El sistema televisivo norteamericano es bastante diferente al de los países de nuestro entorno. Por extensión, el país está dividido en cuatro franjas horarias. Por tradición, el estadounidense se comporta al revés que nosotros y las noticias verdaderamente importantes son las que ocurren a nivel local. Washington queda muy lejos por cuanto más el extranjero. Así se entiende que sean los informativos locales los que ocupen las principales franjas horarias relegando la información nacional e internacional a momentos menos concurridos. De ahí la proliferación de canales íntegramente informativos dedicados especialmente a la información nacional e internacional emitiendo las 24 horas. Es un error pensar que el periódico de más tirada es aquel que más prestigio tiene, The New York Times. Poco importa a un lector de una ciudad media de Montana lo que diga La Vieja Dama Gris. Por otro lado, percibido como un órgano elitista, con tendencia hacia el Partido Demócrata y que, como Sorkin, provoca en algunos ciudadanos un sentimiento de inferioridad intelectual difícil de digerir.
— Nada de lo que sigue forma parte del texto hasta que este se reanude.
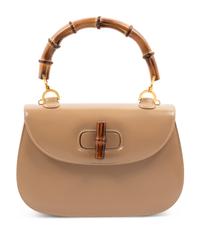 Gucci Beige Leather Handbag with Bamboo Handle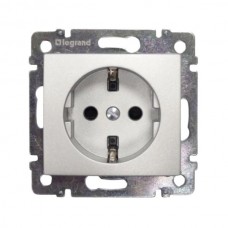 Розетка Legrand 2К+З с защитными шторками, автоматическими клеммами серии Valena. Цвет Алюминий.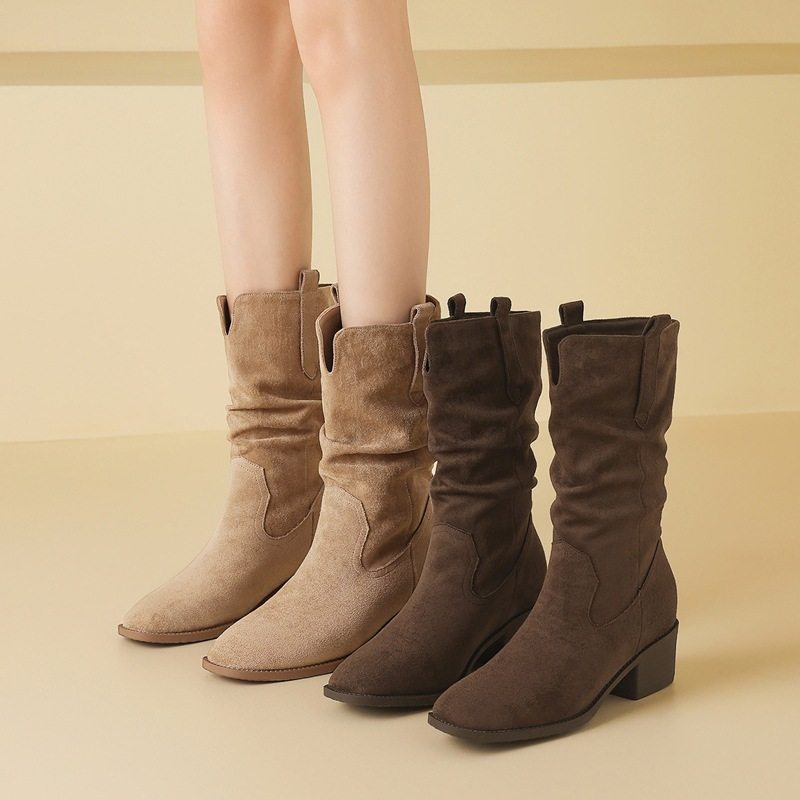 ZHR则则美拉德加绒长筒靴女冬季新款粗跟高跟鞋中筒百搭堆堆靴子,女鞋,棉鞋,淘宝优惠券,粉丝福利购,淘宝优惠卷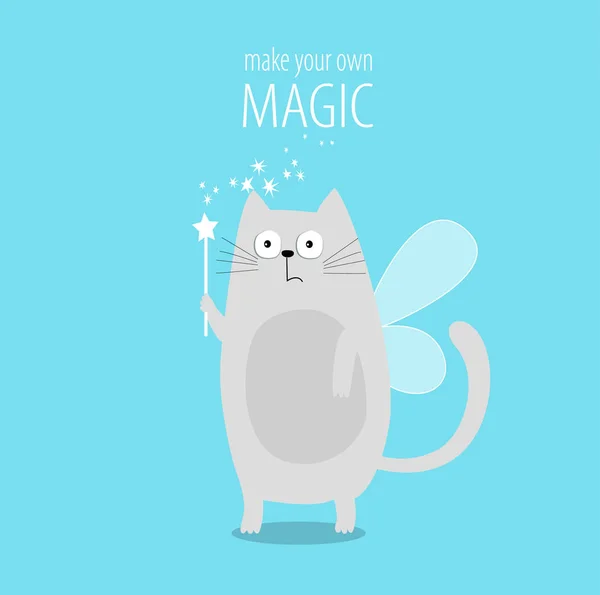 Poster Bambini Gatto Mago Gatto Grigio Fai Tua Magia — Vettoriale Stock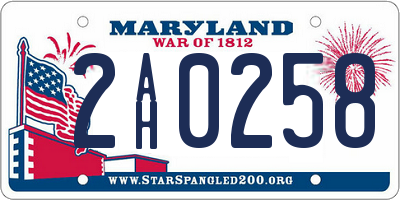 MD license plate 2AH0258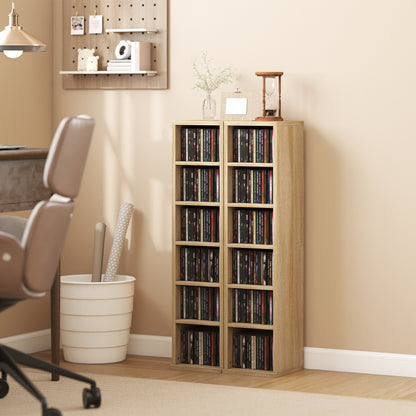 Set of 2 CD Storage Units DVD Shelf with Adjustable Shelves, Oak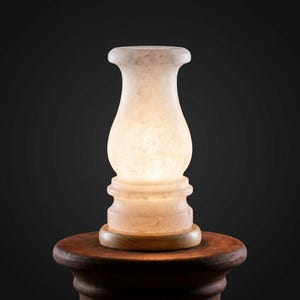 Himalayan Salt Rock Vase, Hand Carved Crystal Light, Zen Meditation Room Decor, Minimalist Bedside Table Lighting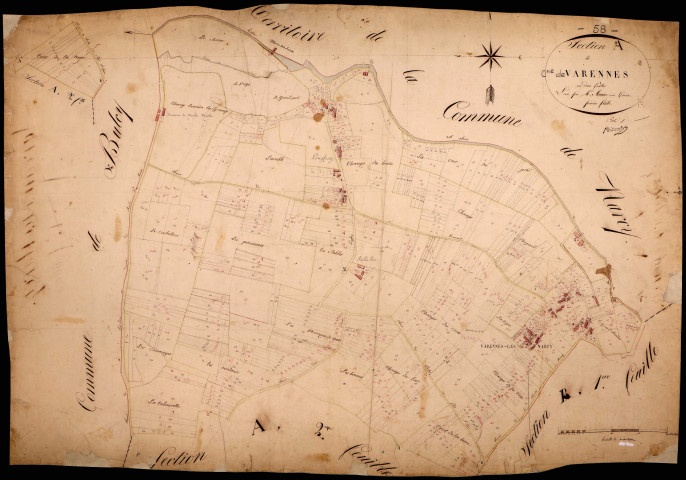 Varennes-lès-Narcy, cadastre ancien : plan parcellaire de la section A dite de Varennes, feuille 1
Siempre ha resultado difícil retratar un oficio cuya naturaleza es precisamente el cambio constante y lo imprevisibilidad ante lo que pueda ocurrir. Por eso cuando el periodismo aparece en la gran o pequeña pantalla se suele recurrir a lugares comunes que han contribuido por igual a la creación de su leyenda y también a su desprestigio. Está por ver qué es lo que nos depara Sorkin en The Newsroom. En principio tranquiliza que sea HBO la cadena que haya dado acogida a la serie, un canal que, curiosamente, representa todo aquello que muchos atacan en Sorkin: es absolutamente liberal en comparación a las estrictas normas de la televisión norteamericana en abierto (aparecen desnudos y sexo explícito), es de pago y por tanto para espectadores con cierto nivel económico ya que no todas las plataformas de cable lo ofrecen sin un suplemento; y sobra decir que su público es un segmento de la población social y culturalmente muy marcado.
Una hoja de ruta
En todo caso conviene no dejar de un lado los vientos que soplan a través de las pantallas. La televisión y especialmente las ficciones de los últimos años son termómetros de lo que pasa o podría pasar. Sirvan dos ejemplos:
El primero tiene que ver con el propio Sorkin. El Ala Oeste de la Casa Blanca completó sus siete temporadas programadas. En la última, cuando el presidente Bartlet debe retirarse, la maquinaria del partido comenzaba a escoger a un candidato para luchar por la relección democrática. El resultado fue premonitorio: el elegido fue un latino. Sorkin erró en la raza.
El segundo está relacionado con el anterior. La última temporada de El Ala Oeste coincidió con el estreno de otro drama político de impecable factura: Commander in Chief (traducido por el horrible Sra. Presidenta en España, donde se televisó por Antena 3) protagonizado por Geena Davis en el papel de primera presidenta de los EEUU. Muchos vieron en esta serie la medida de las posibilidades de Hillary Clinton para alcanzar la Casa Blanca. Si esto fue cierto, el veredicto resultó implacable. La generalista ABC canceló la serie tras su primera temporada y Hillary Clinton acabó como secretaria de Estado del presidente Obama, primer mandatario de raza negra en EEUU y verdugo de Clinton en las primarias demócratas de unos meses después.
Si es cierta la influencia de la televisión, no todo está perdido para Hillary Clinton. Mientras Obama todavía tiene que ganarse su segundo mandato, este verano verá la luz en EEUU el hasta el momento último drama televisivo ambientado en la alta política: se trata de Political Animals. Protagonizado por Sigourney Weaver, se centra en las peripecias de Elaine Barrish Hammond, una ex primera dama que vuelve a la Casa Blanca como Secretaria de Estado. Puede que en el destino del personaje de Weaber estén depositadas buena parte de las esperanzas futuras de la señora Clinton.